A British engineer collected a $10,000 bounty for turning in his near-mint copy of a famous forty-year-old electronics magazine, but not before irking university librarians who rushed to secure their copies from thieves.

Intel Corp. this month posted a reward for a copy of the April 1965 issue of Electronics, in which company co-founder Gordon Moore accurately forecast years of exponential improvements in computer chip performance. Later dubbed Moore's Law, the forecast has become gospel for $200 billion chip industry.

News of the reward reached Surrey, England, where an engineer named David Clark found a copy under the floorboards of his house among piles of other publications. "It is the most bizarre thing that has ever happened to me," Clark, a self- described hoarder, told the BBC.

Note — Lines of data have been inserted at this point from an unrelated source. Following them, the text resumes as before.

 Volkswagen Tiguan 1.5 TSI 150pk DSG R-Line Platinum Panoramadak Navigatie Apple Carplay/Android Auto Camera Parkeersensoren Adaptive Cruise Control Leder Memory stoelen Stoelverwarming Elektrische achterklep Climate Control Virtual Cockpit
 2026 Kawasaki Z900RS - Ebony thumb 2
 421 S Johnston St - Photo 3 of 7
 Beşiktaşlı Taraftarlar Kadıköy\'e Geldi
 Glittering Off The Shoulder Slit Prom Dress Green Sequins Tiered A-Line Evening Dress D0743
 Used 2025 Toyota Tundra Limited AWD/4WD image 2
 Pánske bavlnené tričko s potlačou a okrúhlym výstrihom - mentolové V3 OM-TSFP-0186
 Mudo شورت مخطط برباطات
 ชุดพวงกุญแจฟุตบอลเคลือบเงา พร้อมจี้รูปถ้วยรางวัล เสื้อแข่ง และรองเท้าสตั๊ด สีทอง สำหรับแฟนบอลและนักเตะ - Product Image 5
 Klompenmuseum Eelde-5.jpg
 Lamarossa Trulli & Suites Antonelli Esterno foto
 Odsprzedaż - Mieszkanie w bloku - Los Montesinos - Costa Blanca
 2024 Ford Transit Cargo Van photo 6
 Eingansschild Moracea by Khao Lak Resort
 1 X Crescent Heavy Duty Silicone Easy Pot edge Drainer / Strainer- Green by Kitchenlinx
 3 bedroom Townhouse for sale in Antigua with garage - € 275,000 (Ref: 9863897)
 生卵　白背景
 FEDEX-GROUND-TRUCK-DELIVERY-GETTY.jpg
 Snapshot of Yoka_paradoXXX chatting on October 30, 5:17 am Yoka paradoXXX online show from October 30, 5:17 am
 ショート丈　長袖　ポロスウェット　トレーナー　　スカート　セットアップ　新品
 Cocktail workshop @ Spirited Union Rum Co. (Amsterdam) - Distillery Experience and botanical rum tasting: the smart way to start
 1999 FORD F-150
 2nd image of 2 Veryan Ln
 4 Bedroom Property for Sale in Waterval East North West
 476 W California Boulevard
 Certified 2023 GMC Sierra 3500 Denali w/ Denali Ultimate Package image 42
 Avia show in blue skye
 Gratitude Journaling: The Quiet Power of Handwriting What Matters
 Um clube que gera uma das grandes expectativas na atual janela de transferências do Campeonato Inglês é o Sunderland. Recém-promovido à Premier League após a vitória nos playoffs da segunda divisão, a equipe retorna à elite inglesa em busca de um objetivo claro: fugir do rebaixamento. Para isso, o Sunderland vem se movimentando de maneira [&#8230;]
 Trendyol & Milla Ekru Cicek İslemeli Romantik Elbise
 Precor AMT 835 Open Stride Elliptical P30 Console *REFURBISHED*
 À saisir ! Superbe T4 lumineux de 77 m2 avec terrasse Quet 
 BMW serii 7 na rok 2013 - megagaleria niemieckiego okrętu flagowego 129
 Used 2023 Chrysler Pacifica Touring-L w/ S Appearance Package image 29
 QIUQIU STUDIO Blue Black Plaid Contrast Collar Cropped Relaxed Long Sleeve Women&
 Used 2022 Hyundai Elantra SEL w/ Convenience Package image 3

He said he plans to use the money to help fund his daughters' weddings.

Intel's high-profile bounty, posted on the Web auction site eBay, sent librarians around the United States scrambling to lock-down copies before bounty hunters arrived.

"Somebody thought it was a cute idea," sniffed Stanford University librarian Karen Greig, who sent the equivalent of an all points bulletin to other librarians urging them to protect their copies. "The engineering library was not happy."

The warning was too late for the University of Illinois, whose copy had already disappeared, Greig said.

"People see money," she said.

Intel spokesman Manny Vara said the company's listing turned up two dozen leads, but many of them turned out to be digital reprints, photocopies, or originals that were bound with other issues and could not be separated without destroying the original binding. Two other good copies turned up, but neither were in as good condition as Clark's, he said.

After it retrieves the article from Clark next week, Intel plans to put the magazine on public display at the company's museum in its Santa Clara, California headquarters, Vara said.

The chip maker might still purchase a few more copies, Vara said. One would serve as a backup for the museum, the other to give to Moore himself, who lent out his copy years ago and lost track of it.